Self-Compassion Creates Courage for Boundaries

In order to set boundaries with our loved ones, we need to be brave.

Brene Brown says, "Daring to set boundaries is about having the courage to love ourselves, even when we risk disappointing others."

I'm going to suggest that we are the ones that are really hard on ourselves.

Disappointing others is nowhere near as scary as disappointing ourselves.

Where does bravery come from?

We become ferocious when we practice self-compassion because we're willing to feel bad feelings when we have a self-compassion practice.

Even if we feel shame, even if we feel anxiety, fear, whatever we feel, we still love ourselves.

We really gain bravery when we have a self-compassion practice because we find comfort in being with our negative feelings.

So whatever we're feeling. If we're feeling fear, for example, there's a comforting feeling that comes with loving our own fear.

And that's when the bravery becomes automatic.

Courage grows, when we're willing to hang in there with ourselves regardless of what feelings we're having.

We're going to give ourselves radical self-acceptance, unconditional love, regardless of any negative feelings, jealousy, hatred, fear, anxiety, shame, you name it, you're going to love yourself, regardless.

We are raised to feel self-esteem. But the problem with self-esteem is it has the dark underbelly of self-criticism. We're raised to like ourselves when we have positive feelings and criticize ourselves when we have negative feelings.

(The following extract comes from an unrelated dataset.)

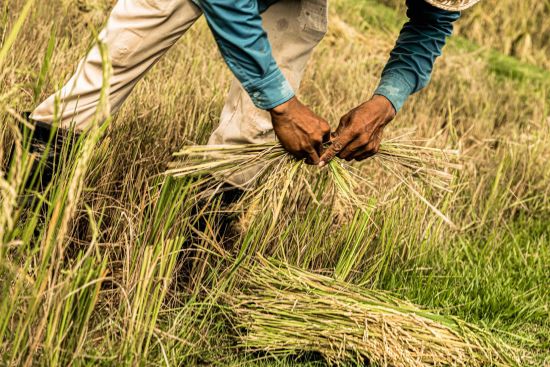 Phum Baitang in Siem Reap:  Rice Cultivation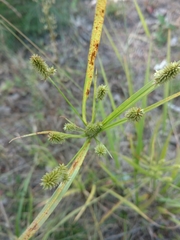 Cyperus retrorsus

One reason why self-compassion is so radical is that it's based on the idea that human beings need love rather than critical ism, as a way to motivate them and function.

Do you believe that human beings are flawed and they need criticism like a whip to get them to behave properly? Or do you believe that when human beings are feeling vulnerable, they just need love and encouragement?

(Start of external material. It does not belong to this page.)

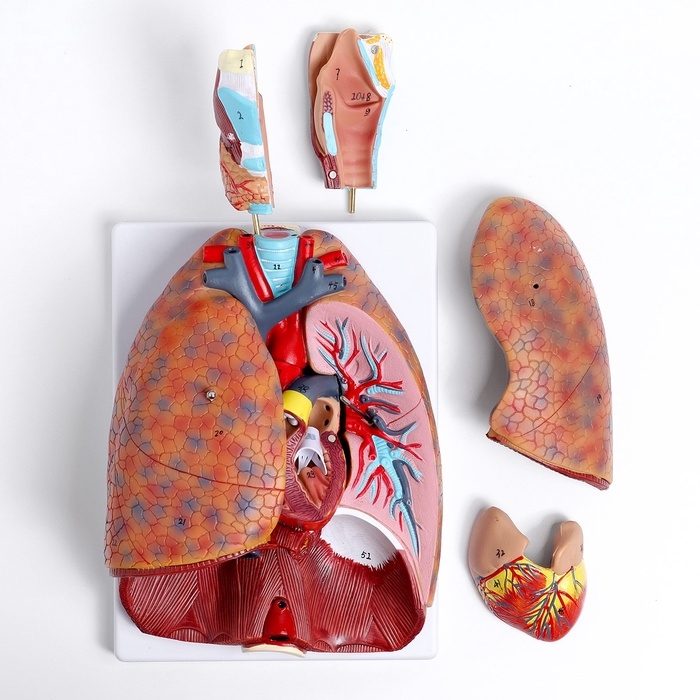 Макет "Грудь человека изнутри" разборный 27*20*11см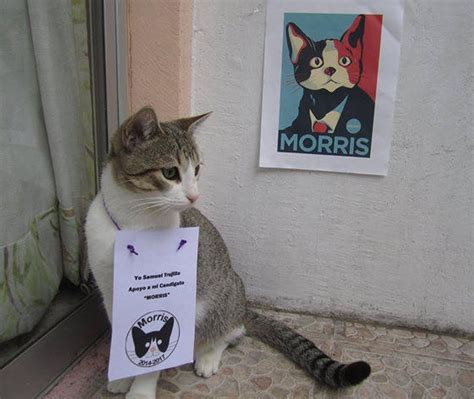 Morris The Cat Runs For Mayor In Mexico Love Meow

It's really one or the other, you're either going to rely on fear as a way to motivate yourself and the people around you. Or you're going to believe in love as a way to motivate yourself and the people around you. You can't do both.

You can't live in both worlds. In order to learn how to love yourself unconditionally and to stop criticizing yourself, you have to choose.

Do you love yourself? Or do you love yourself until you do something that you don't approve of and then you're going to lambaste yourself with criticism?

When we need to set boundaries with our loved ones, there are so many negative feelings that can arise—anger, hatred, fear rejection.

Our self-criticism truly is what stops us in our tracks.

When we love ourselves, unconditionally, we no longer have a fear of rejection, either by others or by ourselves.